An antenna device for a portable radio communication device according to a first embodiment of the present invention will now be described with reference to Fig. 1.
The antenna device comprises a first elongated radiating element 1, having a first end 2 and a second end 3, a second radiating element 4, having a first end 5 and a second end 6, and a third radiating element 7. The antenna device further comprises first filtering means 8 connected between the third elongated radiating element 7 and the first end 5 of the second elongated radiating element 4, and a second filtering means 9 connected between the third elongated radiating element 7 and the second end 3 of the first elongated radiating element 1. The first end 2 of the first elongated radiating element 1 is connected to third filtering means 13, which in turn is connected to a GPS (Global Positioning System) receiver 10 and a BT (Bluetooth) transceiver 11. The second end 6 of the second elongated radiating element 4 is connected to ground. A FM transceiver 12 is connected to a point 19 of the first elongated radiating element 1 close to the first end 2 thereof. The connection point 19 is further connected to ground through fourth filtering means 14.
The first elongated radiating element 1 have a length 16 configured for BT operation, about 30 mm. The first and third elongated radiating elements 1 and 7 together with the second filtering means 9 have a length 17 configured for GPS operation, about 40 mm. The first, second and third elongated radiating elements 1, 4 and 7 together have a length 15 configured for FM operation, about 90 mm. The length 18 between the connection point 19 and the first end 2 of the first elongated radiating element 1 is configured for matching of the GPS receiver 10 and the BT transceiver 11, about 10 mm. The exemplary lengths given above are dependent on e.g. distance above a ground plane device 20, in this case based on the distance of about 6 mm and on filtering means values.
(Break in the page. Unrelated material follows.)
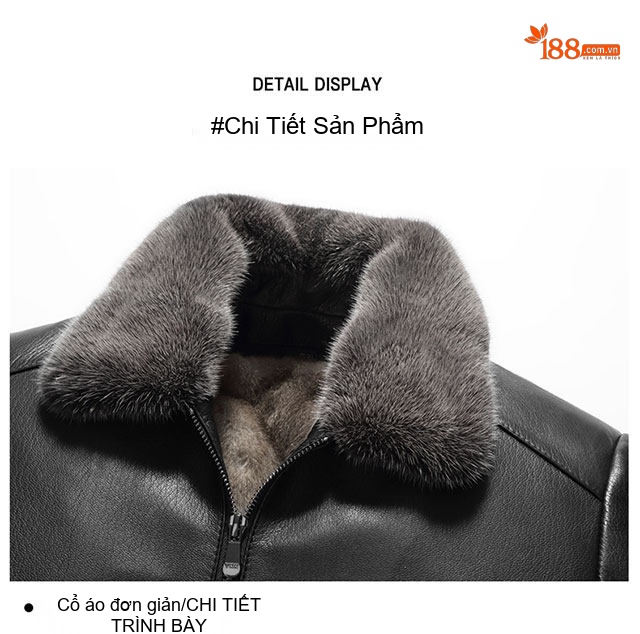 Áo Khoác Da Thật Nam Lót Lông Chồn Cổ Bẻ Ngắn Màu Đen chi tiết 13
The second filtering means 9 is preferably provided as an RF choke, but could also be provided as a simple inductor, of about 20 nH, and could alternatively be provided as parallel resonant circuit. The second filtering means 9 is in such a way configured to pass FM and GPS operation and to stop BT operation. The first filtering means 8 is preferably provided as an RF choke, but could also be provided as a simple inductor, of about 30 nH, and could alternatively be provided as parallel resonant circuit. The first filtering means 8 is in such a way configured to pass FM operation and stop GPS operation. The third filtering means 13 is preferably provided as a capacitor of about 1 pF. By providing the third filtering means as a capacitor, a simple, low cost and efficient filtering means is achieved. The third filtering means 13 is in such a way configured to pass BT and GPS operation and to stop FM operation. The fourth filtering means 14 is preferably provided as a capacitor of about 30 pF. The fourth filtering means 14 is in such a way configured to tune the FM transceiver 12 and to ground BT and GPS operation. The antenna device is in such a way configured to simultaneously with FM frequencies operate at BT and GPS frequencies, wherein the BT antenna effectively works as an IFA type antenna, the GPS antenna effectively works as an IFA type antenna and the FM antenna effectively works as an loop type antenna.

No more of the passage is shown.